Extracted information:
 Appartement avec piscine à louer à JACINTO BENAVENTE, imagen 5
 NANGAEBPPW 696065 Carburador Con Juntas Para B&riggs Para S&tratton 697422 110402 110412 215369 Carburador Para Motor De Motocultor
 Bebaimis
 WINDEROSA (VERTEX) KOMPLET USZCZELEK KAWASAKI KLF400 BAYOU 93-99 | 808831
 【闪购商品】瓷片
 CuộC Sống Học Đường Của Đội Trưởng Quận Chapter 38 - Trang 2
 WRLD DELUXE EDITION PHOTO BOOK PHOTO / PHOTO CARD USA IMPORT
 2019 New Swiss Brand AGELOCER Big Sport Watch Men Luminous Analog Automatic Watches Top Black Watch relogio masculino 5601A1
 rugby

* * *

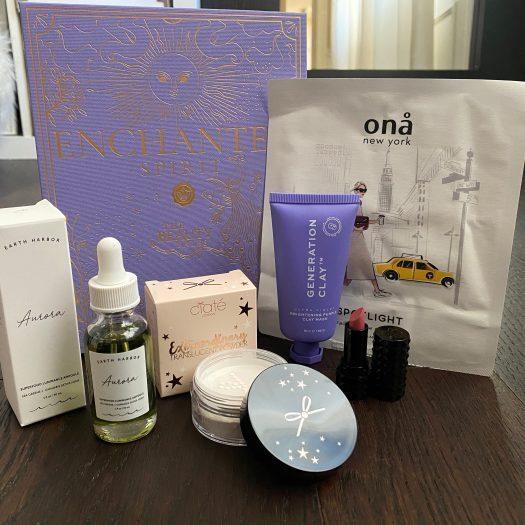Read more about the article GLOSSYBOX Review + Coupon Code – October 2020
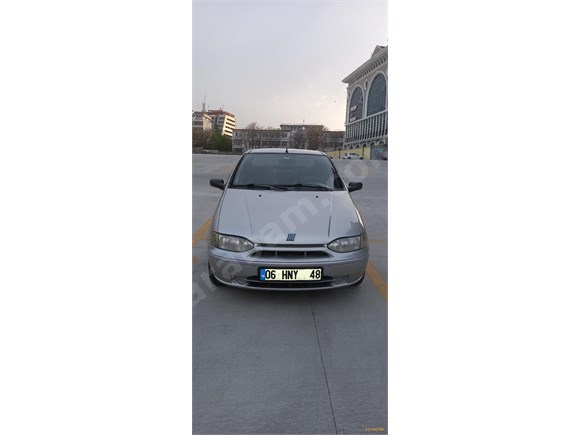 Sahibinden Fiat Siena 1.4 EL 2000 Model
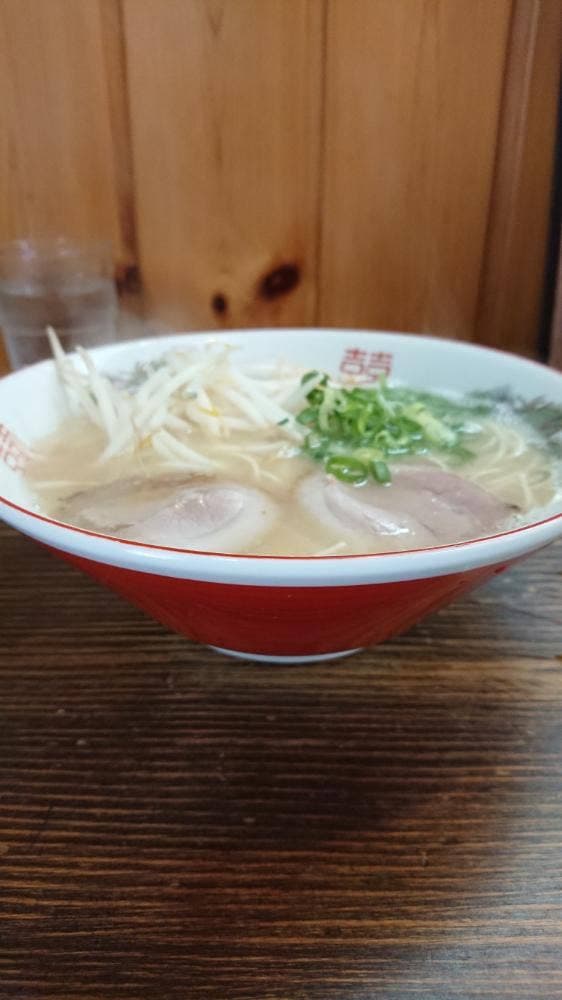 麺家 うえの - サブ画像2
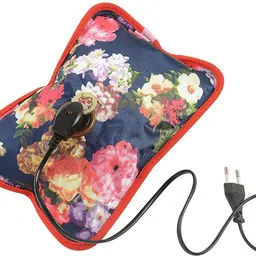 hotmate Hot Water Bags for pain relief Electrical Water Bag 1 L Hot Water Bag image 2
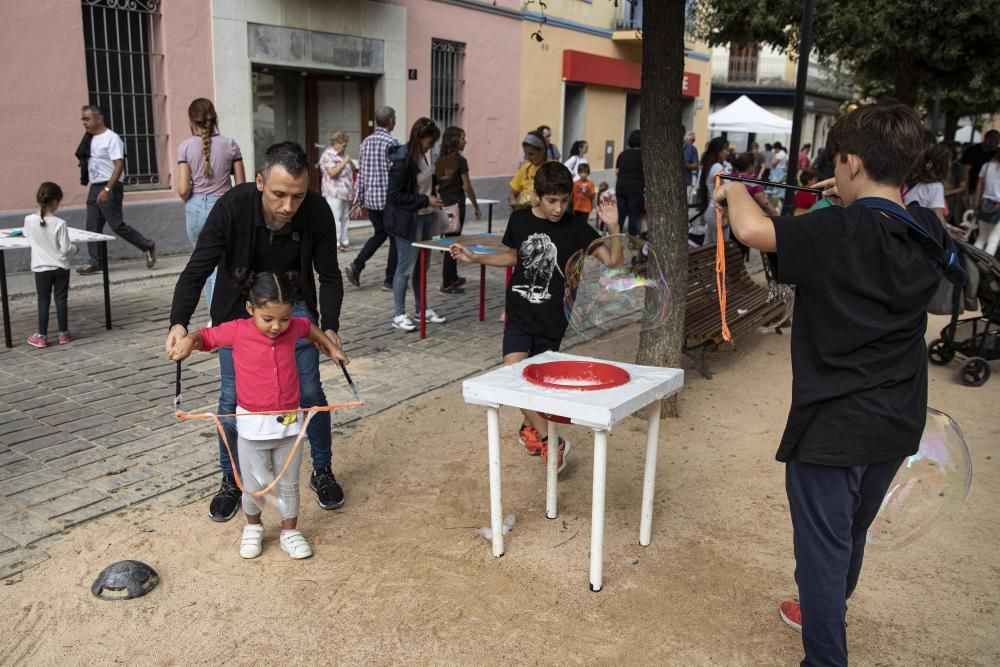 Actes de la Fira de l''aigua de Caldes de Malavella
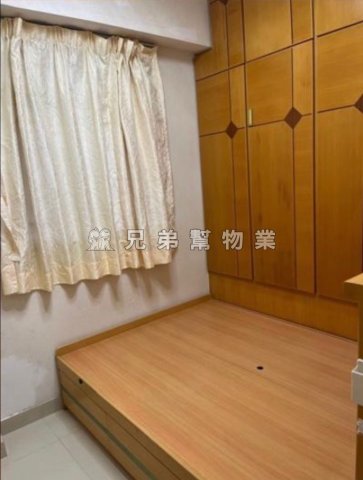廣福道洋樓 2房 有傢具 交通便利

---

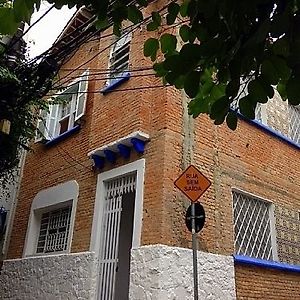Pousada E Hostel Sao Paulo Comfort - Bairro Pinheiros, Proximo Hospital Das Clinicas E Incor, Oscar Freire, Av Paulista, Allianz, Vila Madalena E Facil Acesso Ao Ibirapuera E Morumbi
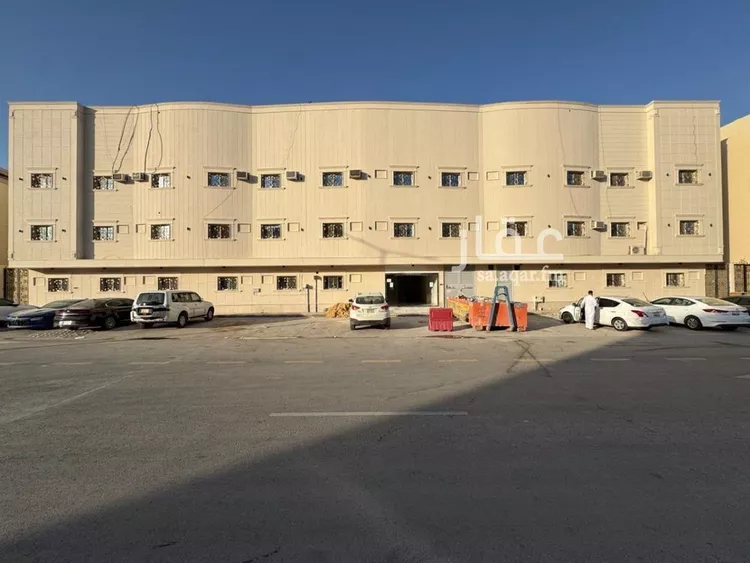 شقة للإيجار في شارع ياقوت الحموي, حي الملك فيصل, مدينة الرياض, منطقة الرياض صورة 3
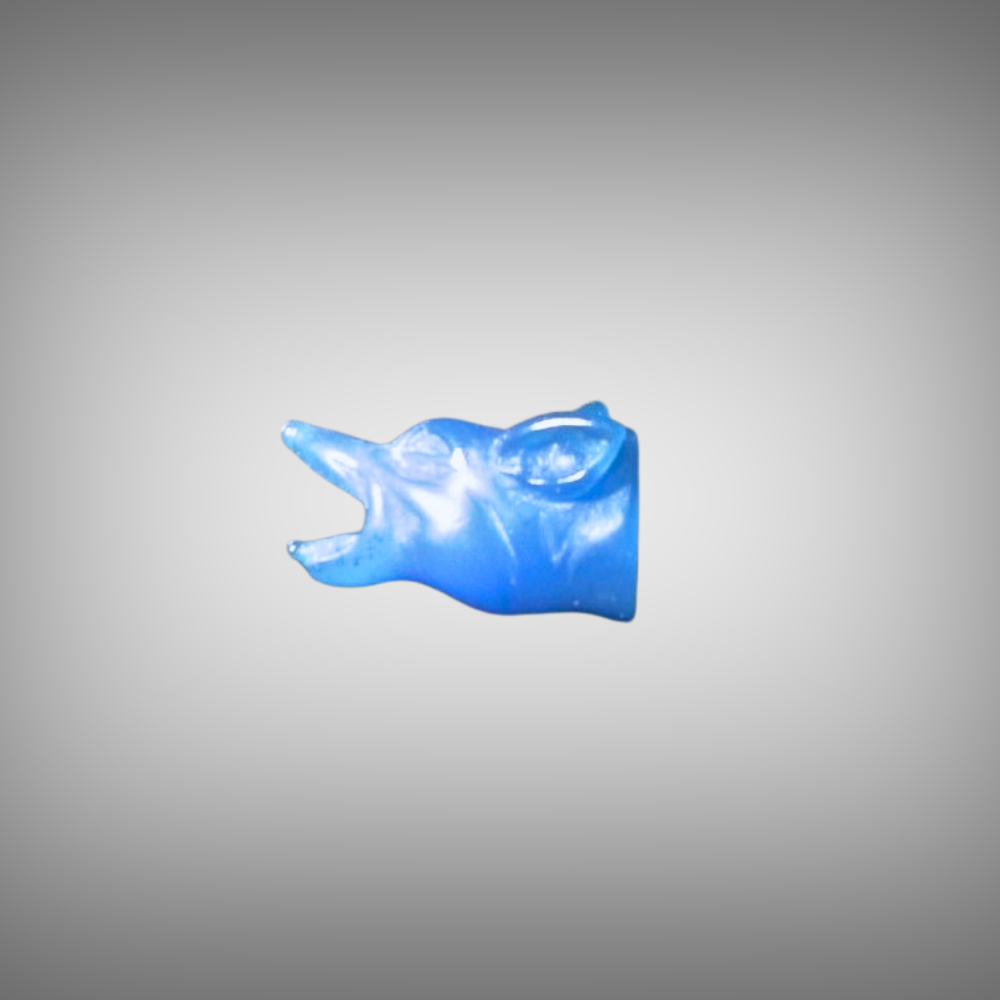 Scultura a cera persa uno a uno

Problem to work on:
Look above for the line with "Sahibinden Fiat Siena 1.4 EL 2000 Model" and the line with "廣福道洋樓 2房 有傢具 交通便利", then copy exactly the lines from the first through the second, both kept, with no pictures.

Exercise solution:
 Sahibinden Fiat Siena 1.4 EL 2000 Model
 麺家 うえの - サブ画像2
 hotmate Hot Water Bags for pain relief Electrical Water Bag 1 L Hot Water Bag image 2
 Actes de la Fira de l''aigua de Caldes de Malavella
廣福道洋樓 2房 有傢具 交通便利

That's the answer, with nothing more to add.